The management team has identified and advanced work on four key opportunities. These are promising prospects aimed at increasing the project's NPV by over US$4 billion. When completed by the end of the year, they could become some of the most value-creating projects in the company's recent operating history.

1. Direct Reduction Iron ("DRI") test work: Confirmation received, through laboratory-based tests, that the Zanaga Project can produce DRI specification pellet feed products of more than 68% Fe grade. This successful test confirmation has resulted in a significant increase in the project's NPV compared to the 2024 FS update results.

2. Pellet Plant Feasibility Study: Feasibility study in progress to evaluate the opportunity to construct a pellet plant as part of the Zanaga Project, producing value-added DRI specification pellets, which have the potential to increase the NPV of the Zanaga Project by up to US$1 billion.
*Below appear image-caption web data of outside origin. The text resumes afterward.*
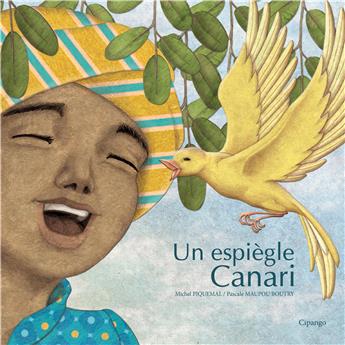 UN ESPIÈGLE CANARI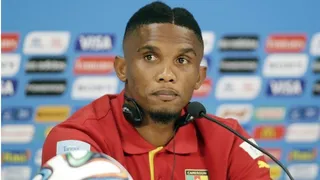 Samuel Eto’o está cerca de ser rival de U. de Concepción en la Copa Libertadores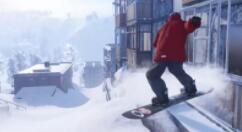 模拟滑雪游戏《Shredders》3月17日发售 首发加入XGP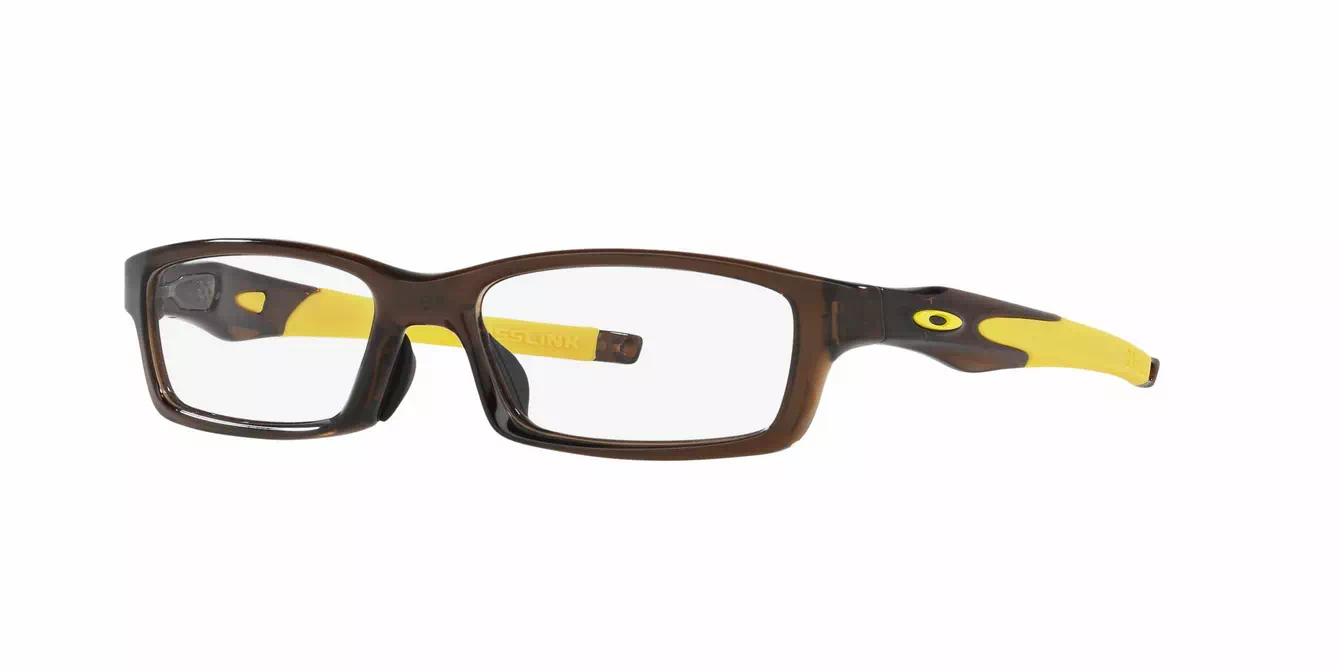 Oakley A Crosslink (56) Bark/lemon Peel (OX8029-1256) s56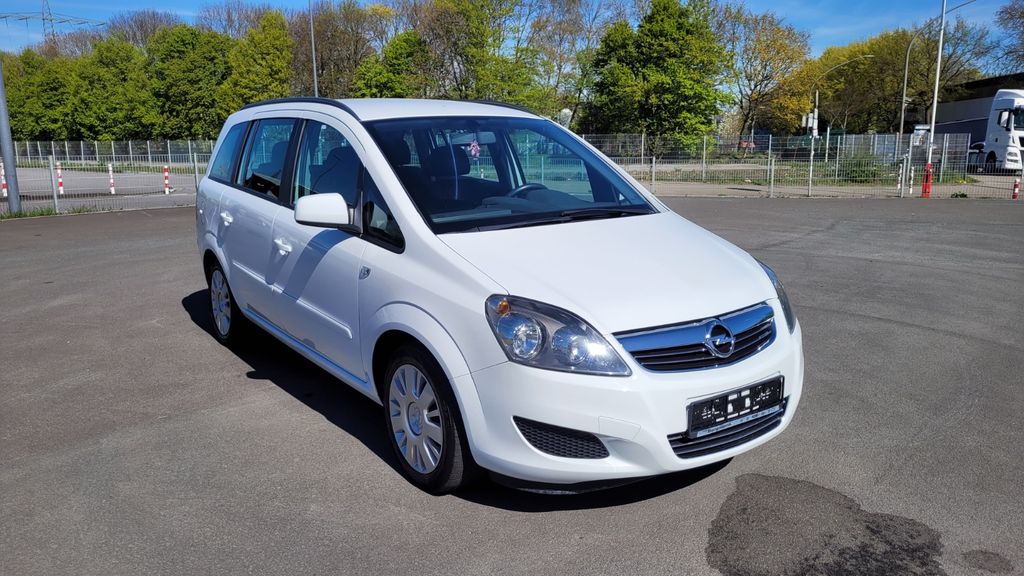 Opel Zafira 292.500 km 1.950 &euro; Essen 45356
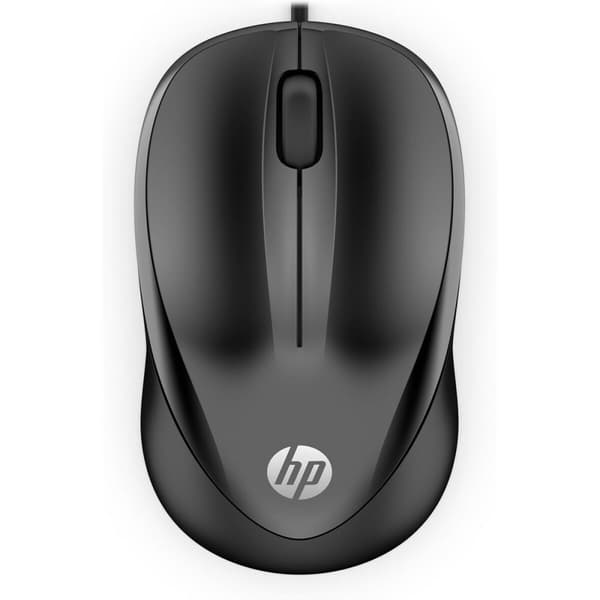 Mus HP 4QM14AA Sort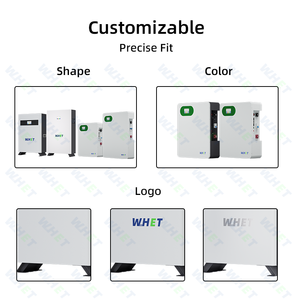 200Ah 100Ah Wall-Mounted Powerwall Battery 10kwh 5kwh 48v Lithium Ion Pack for Solar <b>Energy</b> <b>Storage</b> <b>System</b> - Product Image 5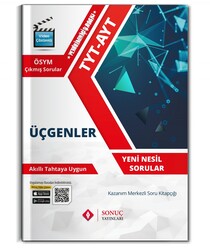 Sonuç Yayınları Tyt-Ayt Geometri Modül Set-1 - Thumbnail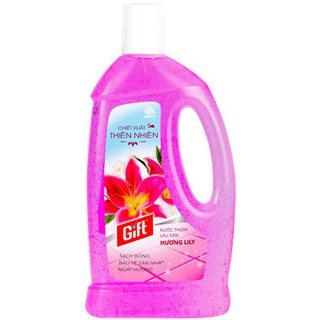 Nước lau sàn Gift 1 lít / 1L / 1000ml
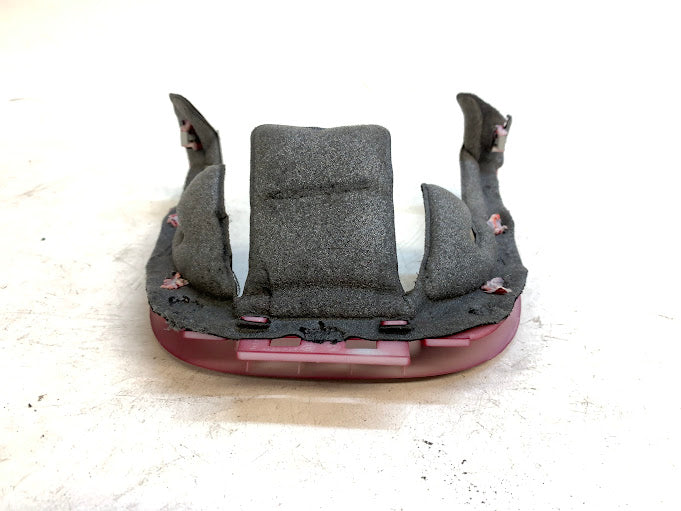 2019 Alfa Romeo 952 Giulia Ti Red Lower Steering Column Trim Cover 1745156XXX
The results are expected in Q4 2025.

3. Single 30Mtpa Capacity Pipeline: An opportunity is being explored to reduce overall project capital expenditure by approximately US$0.7 billion and to accelerate the timetable for the Stage Two expansion by constructing a single 30Mtpa capacity pipeline in Stage One. A contractor has been appointed for detailed assessment, and a feasibility study-level costing for this pipeline is scheduled for completion in Q4 2025.
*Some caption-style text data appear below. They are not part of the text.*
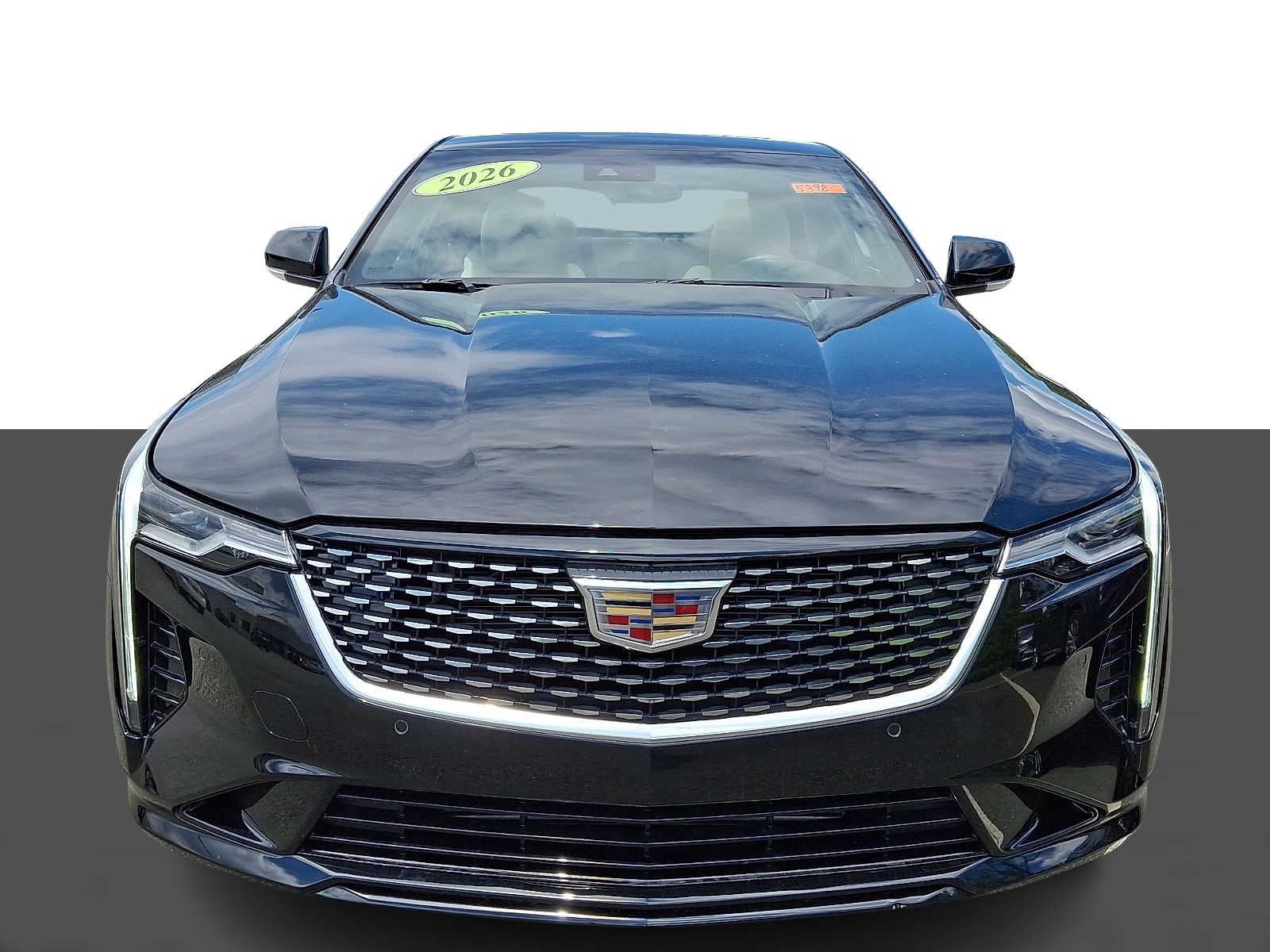2026 Cadillac CT4 4dr Sdn Premium Luxury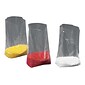 12"W x 30"L x 8"D Gusseted Polyethylene Poly Bag, 4.0 Mil, 250/Carton (29944-CC)
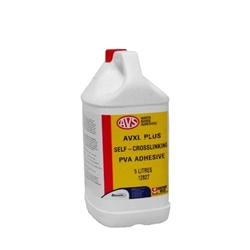 This is an image of AV XL Plus Crosslink PVA Adhesive from ABL Distribution Pty Ltd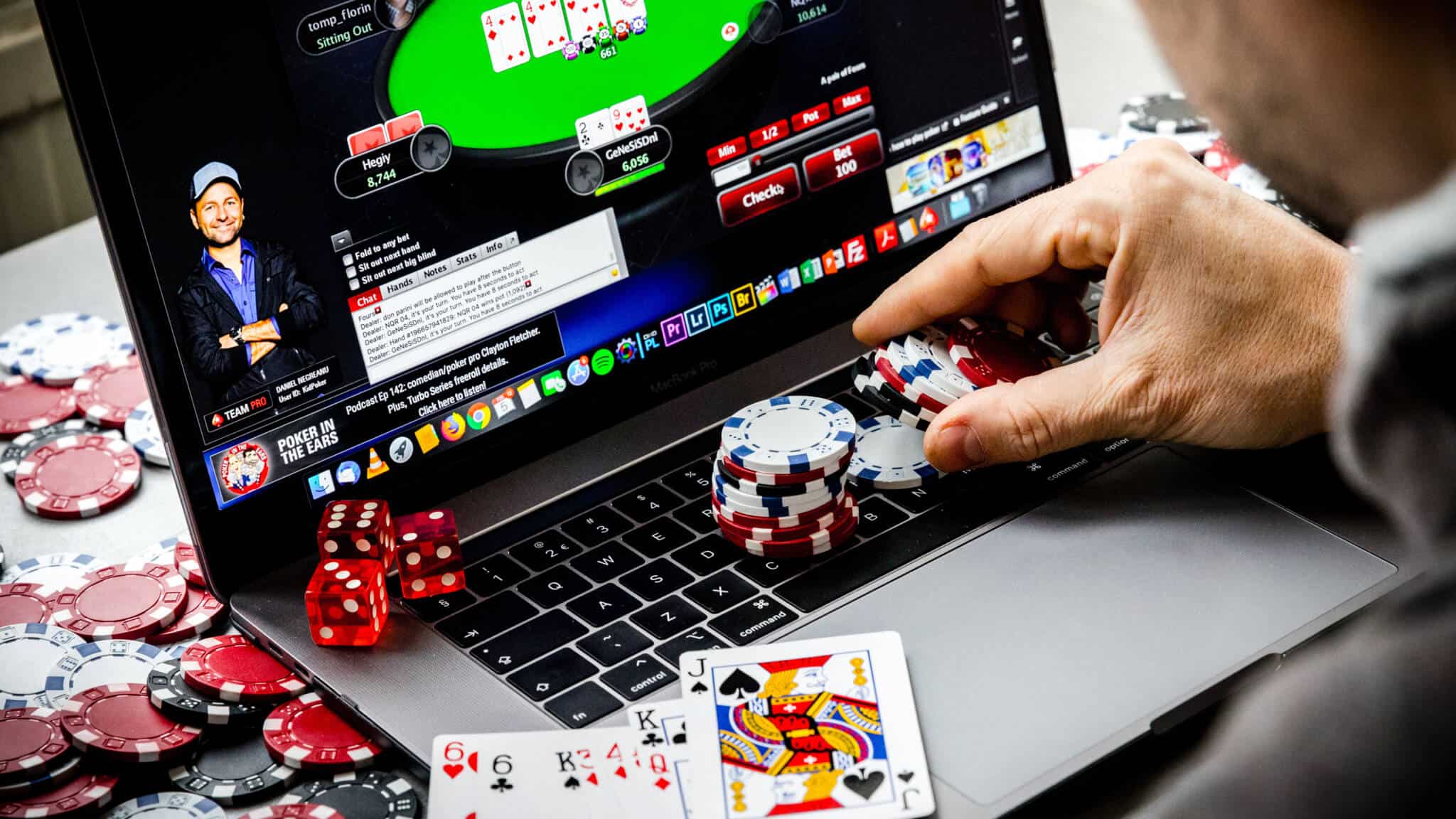 How Can You Make Money Using Online Poker Bonuses post thumbnail image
4. Dry Thickened Tailings Feasibility Study: A large wet tailings storage facility is currently planned for the Zanaga Project. An opportunity exists to utilise thickened paste or filtered tailings technology to reduce moisture content, thereby providing significant benefits such as lowering ongoing capital costs. This could potentially save up to US$2 billion in sustaining capital expenditure over the mine's lifespan. The non-monetary benefits are expected to include reduced construction and operational complexity, as well as simplified rehabilitation. The results expected in Q4 2025.

DRI product quality test work update 

 

During Q2 2025, the Company commissioned and completed a metallurgical laboratory test programme aimed at assessing the Zanaga Project's ability to produce DRI grade pellet feed concentrate at its full 30Mtpa planned capacity, including both Stage One and Stage Two. The primary test programme was carried out in China, involving detailed laboratory analyses that used magnetic separation and flotation processes. The modifications to the Zanaga Project's planned process flow sheet are expected to have no significant change to capital and operating costs. The results confirmed the production of a DRI specification pellet feed product, and these findings were later verified through a separate and independent test programme conducted in the United Kingdom.

 

The high-grade DRI pellet feed, verified through detailed metallurgical testing and process flow sheet optimisation, is expected to command a significant price premium globally, especially from iron and steel producers focused on improved efficiency, lower operating costs, and reduced emissions related to electric arc furnace steelmaking.

Key Indicative Economics

o Post-tax NPV (10%) increased 37% to US$5,206 million

o IRR increased to 26.7%, reflecting enhanced project returns

o FOB operating costs, including Royalty, expected to stay competitive at approximately US$27/tonne (updated process flow sheet costings to be completed to confirm estimates)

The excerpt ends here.